There comes a time in all our lives where we realize we must tweak how we fight for control. Would it inspire you to know, that you can give up the kind of fighting that leaves you continually exhausted, and instead, fight in a way that refreshes you? God and you both know life is a fight. God must truly celebrate when He witnesses us learn to fight smarter, instead of harder. Fighting harder is all about you and your effort. Fighting smarter is all about attacking life, but by relinquishing all control into the hands of the Creator of all things. To use a flying illustration, fighting harder is having God as your co-pilot. Fighting smarter is letting God be the pilot, and you’re His co-pilot. You’ll always be in some form of a fight, but who you allow to have ultimate control, makes all the difference. Controlling anything requires tremendous energy. You ultimately have control over only one thing in life. You control(give permission)to who gets to be the one in control. If you are currently the one who is controlling things, you will recognize it by how much it exhausts you. When you are tempted to continually control anything, just remember Moses’s mother, and how she had to let go of controlling her son’s life, and entrusted his future into the hands of God. Be encouraged, God still wants you to be wise, strategic, deliberate, and sly, but all control belongs to Him. What fights are you currently controlling? Do you think the outcomes of your fights will be better if left in your hands of control, or will they be better if you let go of that basket, and entrust the outcomes into the hands of Jesus? 

Meditate and Respond:

  1. Control is a difficult thing to define and notice. I implore you to humbly and authentically pause and write down the things in your life that are exhausting you. Exhaustion isn’t all telling, but often we get seriously exhausted by trying to control things that we have no business controlling. Do you have trusted friends that you could give permission to point out areas where they think you are too controlling? If so, humbly ask them, and do not get upset at them, if they risk sharing some truth with you. 
  2. If question one revealed anything to you about how controlling you are, then write out 3 of the simplest steps you can take, starting today, to begin to train yourself to let go of control. Trust God with all results and outcomes. Also, think of a way to daily remind yourself to keep letting go of control. It will be a hard new habit to create, and the temptation to become the “pilot” again will be huge. 
  3. If you truly trust God, and fully acknowledge that God is with you, then you need not fear what is ahead of you. C.S. Lewis said, “Life with God is not immunity from difficulties, but peace in difficulties.” 
  4. Bible Verse to Meditate on: Psalm 135:6-7, 2 Chronicles 20:6, Psalm 93:1, Romans 8:28, Psalm 46:1, Luke 1:37, Ephesians 3:20, Matthew 10:16, Psalm 27:1. 

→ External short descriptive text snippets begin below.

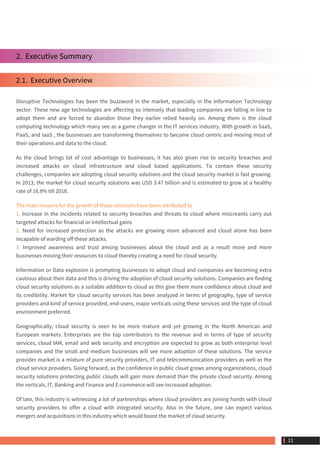 2.  Executive Summary
2.1.  Executive Overview
Disruptive Technologies has been the buzzword in the market, especially in the Information Technology
sector. These new age technologies are affecting so intensely that leading companies are falling in line to
adopt them and are forced to abandon those they earlier relied heavily on. Among them is the cloud
computing technology which many see as a game changer in the IT services industry. With growth in SaaS,
PaaS, and IaaS , the businesses are transforming themselves to become cloud centric and moving most of
their operations and data to the cloud.
As the cloud brings lot of cost advantage to businesses, it has also given rise to security breaches and
increased attacks on cloud infrastructure and cloud based applications. To contain these security
challenges, companies are adopting cloud security solutions and the cloud security market is fast growing.
In 2013, the market for cloud security solutions was USD 3.47 billion and is estimated to grow at a healthy
rate of 16.8% till 2018.
The main reasons for the growth of these solutions have been attributed to
1. Increase in the incidents related to security breaches and threats to cloud where miscreants carry out
targeted attacks for financial or intellectual gains
2. Need for increased protection as the attacks are growing more advanced and cloud alone has been
incapable of warding off these attacks.
3. Improved awareness and trust among businesses about the cloud and as a result more and more
businesses moving their resources to cloud thereby creating a need for cloud security.
Information or Data explosion is prompting businesses to adopt cloud and companies are becoming extra
cautious about their data and this is driving the adoption of cloud security solutions. Companies are finding
cloud security solutions as a suitable addition to cloud as this give them more confidence about cloud and
its credibility. Market for cloud security services has been analyzed in terms of geography, type of service
providers and kind of service provided, end-users, major verticals using these services and the type of cloud
environment preferred.
Geographically, cloud security is seen to be more mature and yet growing in the North American and
European markets. Enterprises are the top contributors to the revenue and in terms of type of security
services, cloud IAM, email and web security and encryption are expected to grow as both enterprise level
companies and the small and medium businesses will see more adoption of these solutions. The service
provider market is a mixture of pure security providers, IT and telecommunication providers as well as the
cloud service providers. Going forward, as the confidence in public cloud grows among organizations, cloud
security solutions protecting public clouds will gain more demand than the private cloud security. Among
the verticals, IT, Banking and Finance and E-commerce will see increased adoption.
Of late, this industry is witnessing a lot of partnerships where cloud providers are joining hands with cloud
security providers to offer a cloud with integrated security. Also in the future, one can expect various
mergers and acquisitions in this industry which would boost the market of cloud security.
 11
 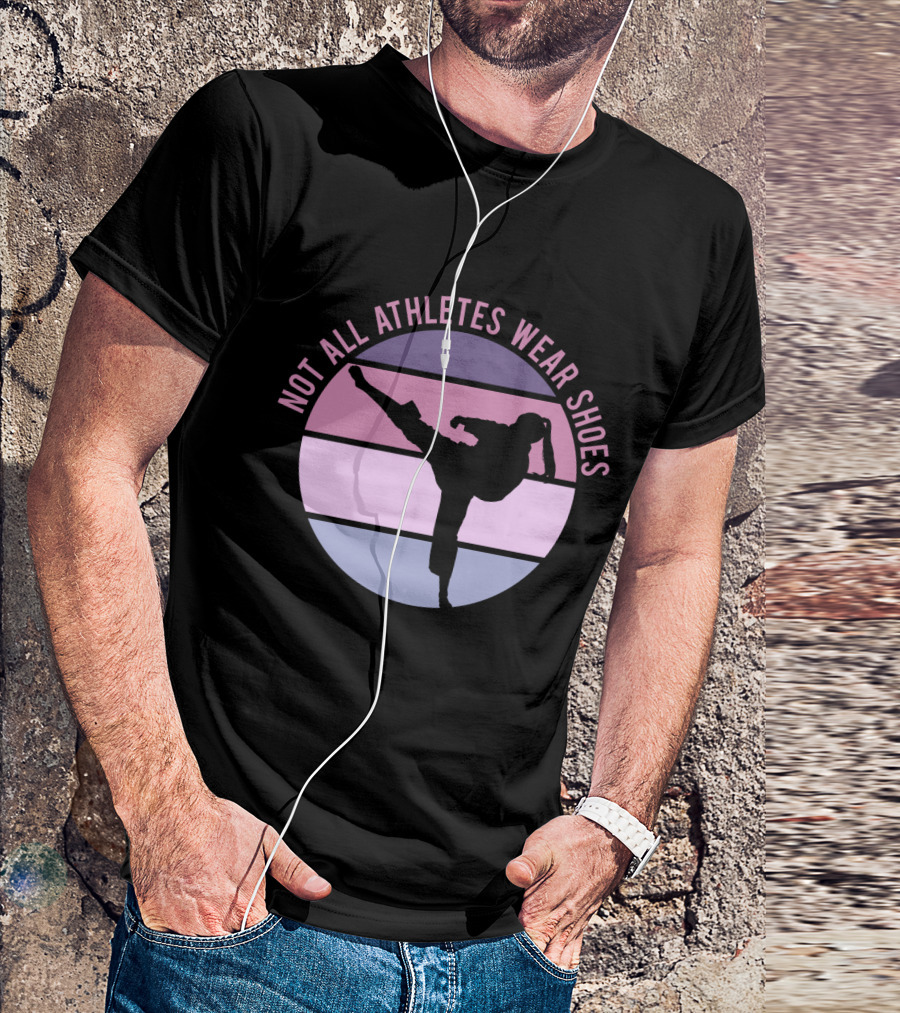Not All Athletes Wear Shoes Taekwondo Silhouette Kicking In Colorful Circle T-Shirt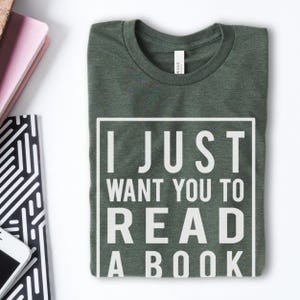 I Just Want You To Read A Book T Shirt I Just Want You To Read A Book T Shirt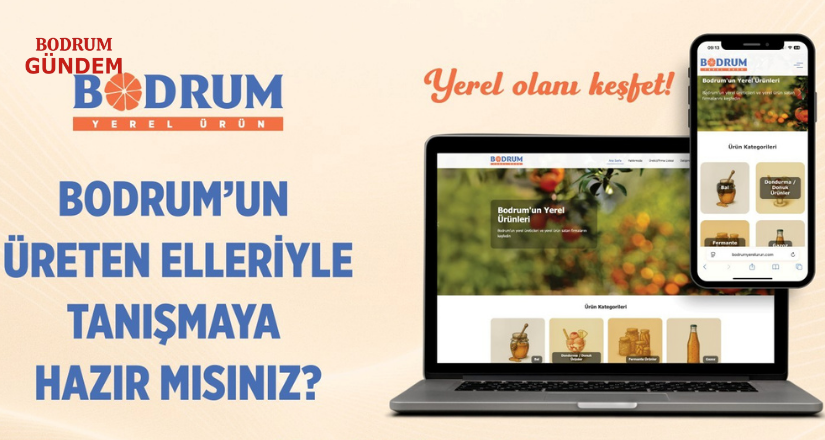 Yerel Üretici ile Tüketici Arasında Köprü: “Bodrum Yerel Ürün”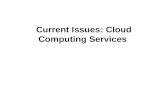 Current Issues: Cloud Computing Services. Cloud Computing Definition… Cloud Computing The “Cloud” is the default symbol of the Internet in diagrams. The.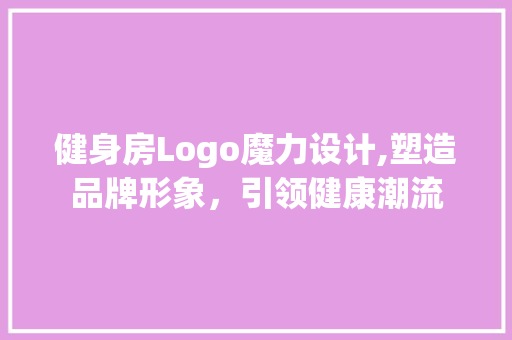 健身房Logo魔力设计,塑造品牌形象，引领健康潮流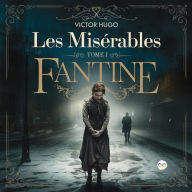 Title: Les Misérables Tome I: Fantine, Author: Victor Hugo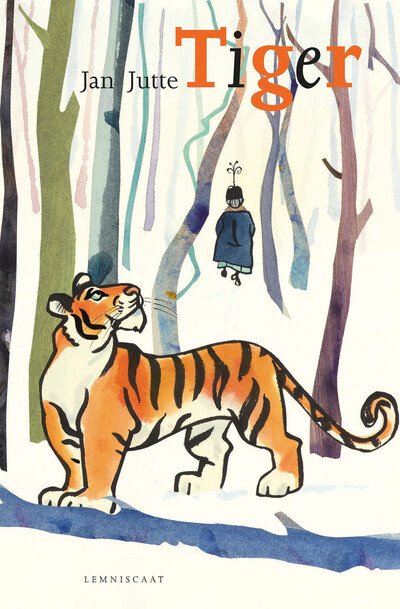 Cover for Jan Jutte · Tiger (Hardcover Book) (2020)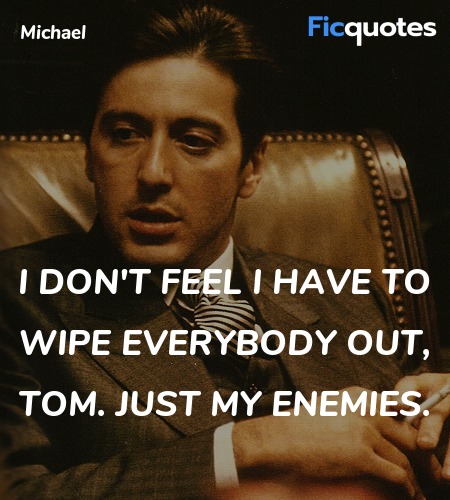  I don't feel I have to wipe everybody out, Tom. Just my enemies. image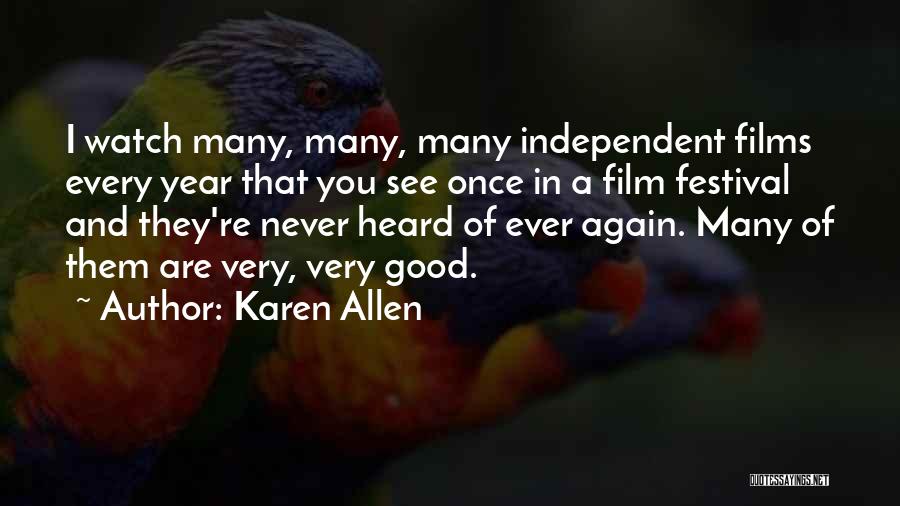 Karen Allen Quotes: I Watch Many, Many, Many Independent Films Every Year That You See Once In A Film Festival And They're Never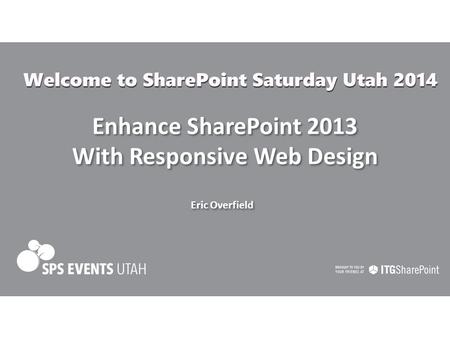 Enhance SharePoint 2013 With Responsive Web Design Enhance SharePoint 2013 With Responsive Web Design Eric Overfield.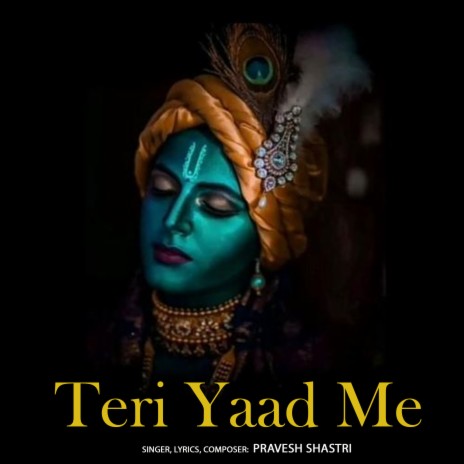 Teri Yaad Me | Boomplay Music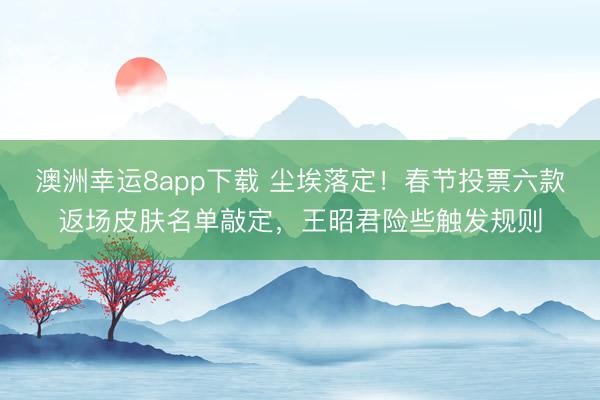 澳洲幸运8app下载 尘埃落定!春节投票六款返场皮肤名单敲定,王昭君险些触发规则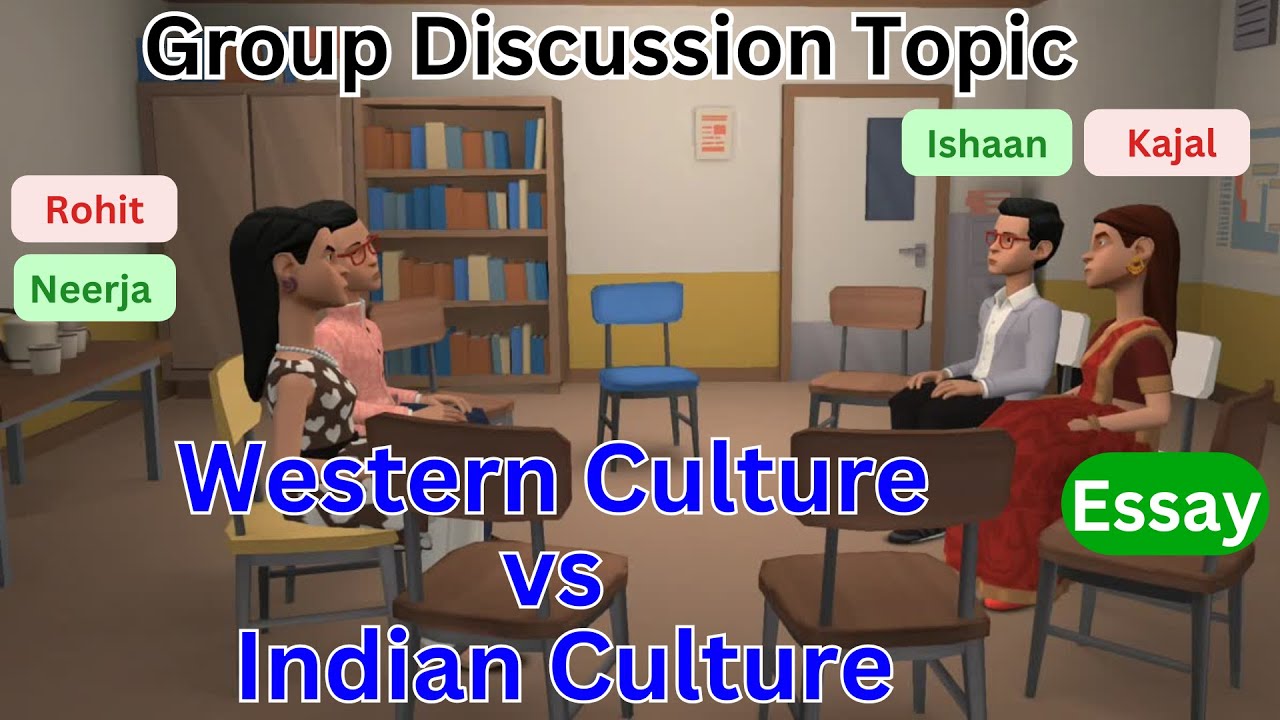 Indian Culture vs Western Culture GD Topic | Western Culture vs Indian Culture | Group Discussion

HYDRATE — WINNING FROM THE INSIDE 17 (Mt. 5:31-32) “Divorce”

“It has been said, ‘Anyone who divorces his wife must give her a certificate of divorce.’ 32 But I tell you that anyone who divorces his wife, except for marital unfaithfulness, causes her to become an adulteress, and anyone who marries the divorced woman commits adultery.”
Matthew 5:31-32

DRINK IT IN:

Let me be clear in this “nasty” teaching of Jesus’.
Jesus loves people who have never been married.
Jesus loves people who are married.
Jesus loves people who are fighting in their marriage.
Jesus loves people who are filing for divorce in their marriage.
Jesus loves people who are divorced.
Jesus loves people who have been divorced multiple times.
Jesus loves people.
Jesus loves you.

Is that clear as mud?

Let me be even more clear. JESUS HATES DIVORCE. There is a HUGE difference in hating divorce and hating people. They are not the same thing. Jesus loves the sinner and hates the sin. Jesus hates divorce but loves the divorcee. We all need to be extremely honest here, and call divorce what it is. Divorce is a sin and, yes, God/Jesus hate it. They hate it as much as lying, murder, drunkenness, gossip, idol worship, foul language and all other sins.

I have a big question for you to think about. When did divorce seem to become the unforgivable sin? I’m not trying to let divorce off the hook. I’m not trying to justify it. I am simply fascinated at how people tend to think and feel that divorce is worse than other sins. What is fascinating to me is how different cultures view different sins. In America, adultery and divorce are the big nasties and yet we are almost numb to murder. I traveled to Africa recently where divorce and adultery are rampant, but if you neighbor steals something from you, the whole village goes into an uproar, while sexual sin seems to be overlooked. I traveled to Jerusalem, where you cannot mix meat and cheese together (horrible pizza there) because of Old Testament Jewish Law, but revenge and being judgmental towards others is a daily occurrence and doesn’t seem to upset many people at all. There is something deep inside us that causes us to rank sins, overlooking some and being appalled by others. I’m not sure why.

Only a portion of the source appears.